Подобный конфликт известен и европейцу: для него это отношение человека к богу. Современная Индия, как подтверждает мой собственный опыт, в значительной степени усвоила европейское словоупотребление: "самость", или атман, и бог – существенно синонимичны. Но некоторым образом в отличие от западного "человек и бог" эта пара противоположностей или гармония гласит: "Я и самость". "Я" в противоположность "человеку" – понятие откровенно психологическое, так же как и "самость", как она предпочитает являться нам. Поэтому перед нами соблазн признать, что метафизическая проблема "человек и бог" в Индии сдвинута в психологическую плоскость. При ближайшем рассмотрении это выглядит все же иначе, так как индийское понятие "Я" и "самости" на самом деле не психологическое, а, можно сказать, столь же метафизическое, как "человек и бог". Индус так же далек от познавательно-критической точки зрения, как и наш религиозный язык. Он, индус, находится еще в "до- кантовском" состоянии. Эта проблема в Индии неизвестна, так же как она еще в значительной степени неизвестна у нас. Поэтому в Индии еще нет психологии в нашем смысле слова. Индия находится на "до-психологической" стадии, т.е., говоря о "самости", она ее полагает. Психология этого не делает. Тем самым она вовсе не отрицает существования этого драматического конфликта, но оставляет за собой право на нищету или богатство незнания о самости. Мы, вероятно, знаем своеобразную и парадоксальную феноменологию самости, но отдаем себе отчет в том обстоятельстве, что познаем нечто неизвестное ограниченными средствами и вторгаемся в психические структуры, о которых не знаем, соответствуют ли они природе того, что мы хотим познать, или нет.
Это познавательно-критическое ограничение удаляет нас от того, что мы обозначаем как "самость" или как "бог". Уравнение "самость=богу" должно казаться европейцу возмутительным. Поэтому, как показывают высказывания Шри Раманы и многое другое, оно является специфически восточной интуицией, к которой психологии нечего больше добавить, кроме того, что в принципе такие суждения находятся далеко за пределами ее компетенции.
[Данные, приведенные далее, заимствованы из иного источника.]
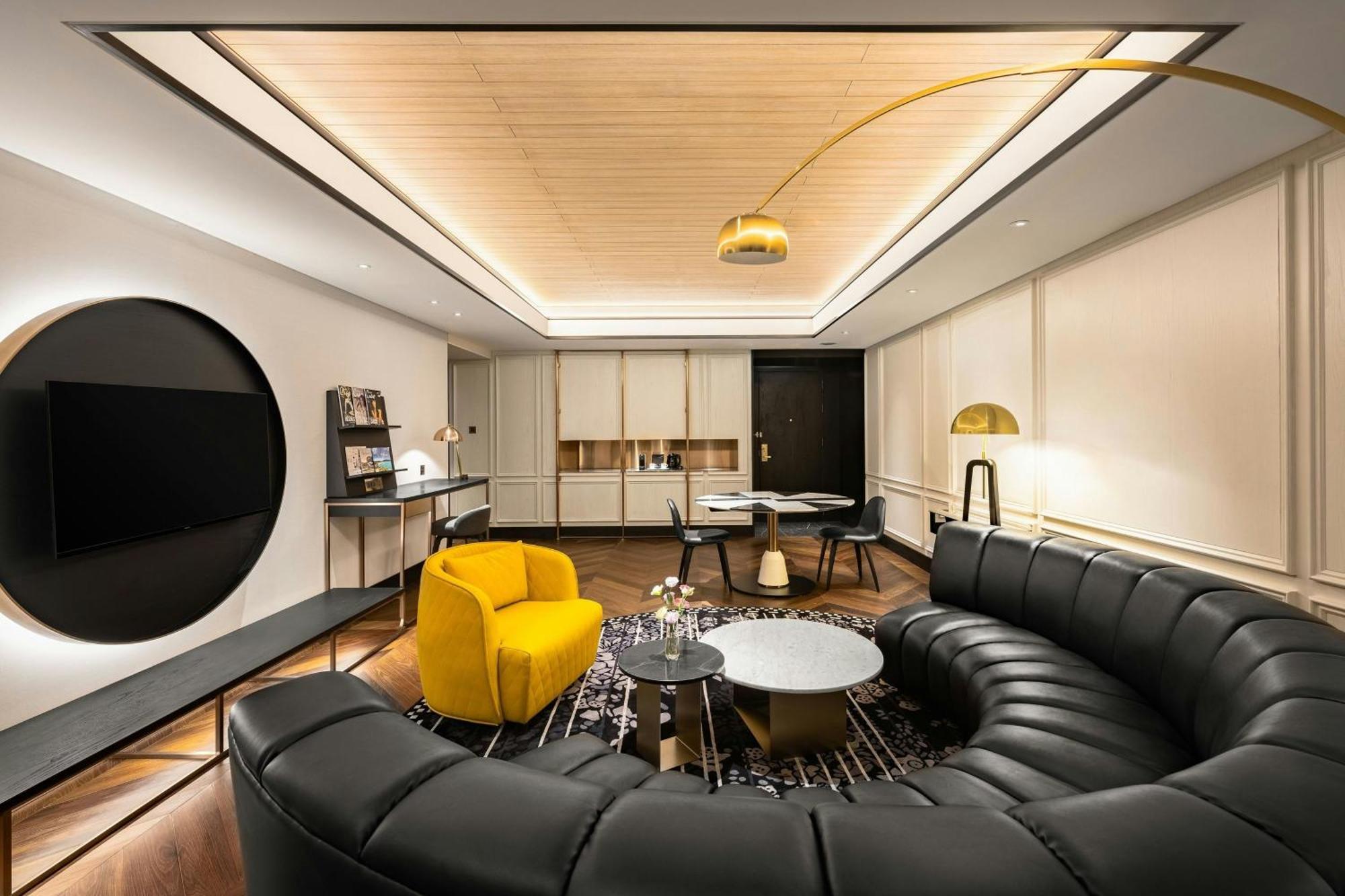 Le Meridien Тайчжун Екстер'єр фото The interior of the 2018-built lounge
С точки зрения психологии можно лишь констатировать, что феномен "самость" обнаруживает религиозную симптоматологию, как и все те высказывания, которые связаны с термином "бог". Несмотря на то, что религиозный феномен "охваченности благоговением" не умещается в рамки любой критики познания, будучи несоизмерим с нею, что роднит это состояние с прочими эмоциональными проявлениями, познавательный напор человека все же вновь и вновь берет верх "богоборческой", или "люциферовской" жестоковыйностью, своенравием, даже непреклонностью, будь то во благо или во вред любому, кто мыслит. Поэтому рано или поздно человек окажется в познавательной противоположности собственной охваченности и попытается ускользнуть от охватывающей хватки, чтобы получить возможность разобраться в происходящем. Если при этом он будет вести себя осмотрительно и добросовестно, то все вновь будет обнаруживать, что по меньшей мере часть его переживания есть человечески ограниченное толкование, как это, к примеру, произошло у Игнатия Лойолы с его видением многоглазой змеи, происхождение которого он оценил поначалу как божественное, а затем – как сатанинское.
Индусу ясно, что самость как исток души неотличима от бога и что в той мере, в какой человек существует в собственной самости, он не только содержится в боге, но и есть сам бог. Шри Рамана, например, в этом отношении высказывается определенно. Без сомнения, это уравнение есть толкование. Равным образом толкованием является концепция самости как "высшего блага" или как совершенной, желанной цели, хотя феноменология такого переживания не оставляет сомнений в том, что эти качества априорно наличны и представляют собой необходимые составные части благоговейных чувств. Но и это не может заставить критический разум удержаться от вопроса о том, являются ли эти свойства общезначимыми. Разумеется, невозможно заранее сказать, как он ответит на этот вопрос в том или ином случае, – ведь для такого ответа у него нет никакой мерки. А то, что могло бы служить этой меркой, в свою очередь, вновь вызовет критический вопрос об общезначимости. Решающим здесь является исключительно господство психических фактов.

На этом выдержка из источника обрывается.